Post the actual Anyrail file and I'll take a look in Anyrail, it's what I use.


----------



## NIMT (Jan 6, 2011)

Brad,
Turnout's do not have the same radius as a curved piece of track or the same run distance!
With the two turnout's in your circle you have changed the curve just enough that they will not connect using standard track sections!
You can do it, just use pieces of flex to pull it off!


----------



## bradimous1 (Mar 3, 2010)

NIMT said:


> Brad,
> Turnout's do not have the same radius as a curved piece of track or the same run distance!
> With the two turnout's in your circle you have changed the curve just enough that they will not connect using standard track sections!
> You can do it, just use pieces of flex to pull it off!


as I was playing around with this, I assumed this... so what I did was try to make the pieces identical on both sides... 4 turnouts total, all in corresponding spots... unless my brain just isn't... wait a minutes... I may have just figured it out by speaking out loud. anyway, here is the anyrail file. thanks guys and I will update you if it is exactly what I think I did.


----------



## bradimous1 (Mar 3, 2010)

FYI... Atlas HO and all curves on this are 22 degrees


----------



## bradimous1 (Mar 3, 2010)

NIMT said:


> Brad,
> Turnout's do not have the same radius as a curved piece of track or the same run distance!
> With the two turnout's in your circle you have changed the curve just enough that they will not connect using standard track sections!
> You can do it, just use pieces of flex to pull it off!
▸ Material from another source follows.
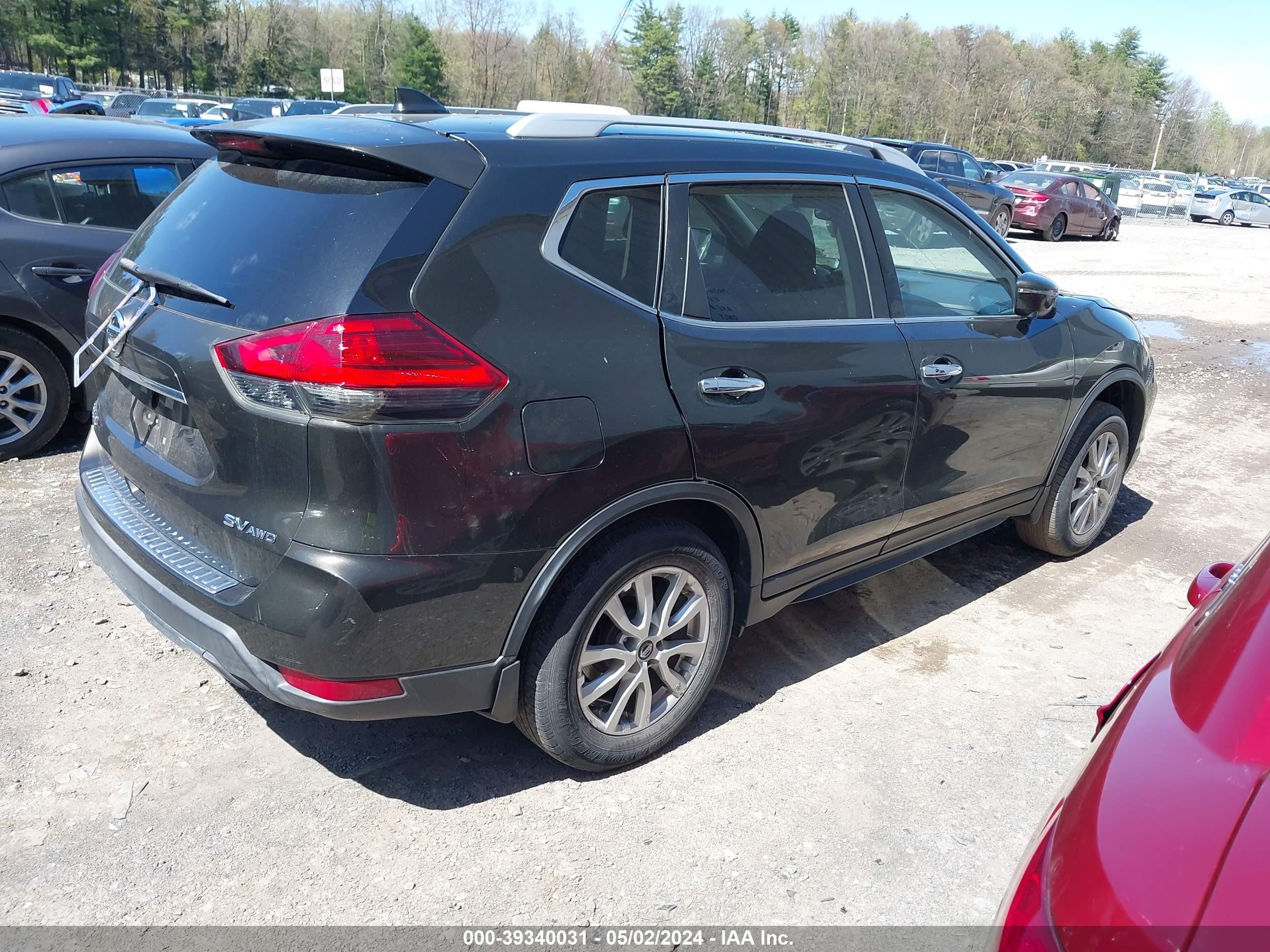 Photo 3 VIN: KNMAT2MVXHP542884 - NISSAN ROGUE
not the most logical thinker, so I did this mathematically, as I think better that way... and it makes complete sense on what you are saying. hmmmmm, seems like they could have, should have, made things match up a little better when designing track. I think we should definitely start designing more user/design friendly track, including turnouts. it would be a goldmine... you could sell it to ME!!!


----------



## bradimous1 (Mar 3, 2010)

thanks guys, another question though, on the flex track... is there anyway to bend it or cut it in anyrail?... or just leave that space open knowing that is what you are going to put there.


----------



## gunrunnerjohn (Nov 10, 2010)

Looks like the other guys beat me to it. Interesting, since O-scale turnouts do indeed have the same radius and run distance as a piece of curved track, so that would have worked in O-scale.


----------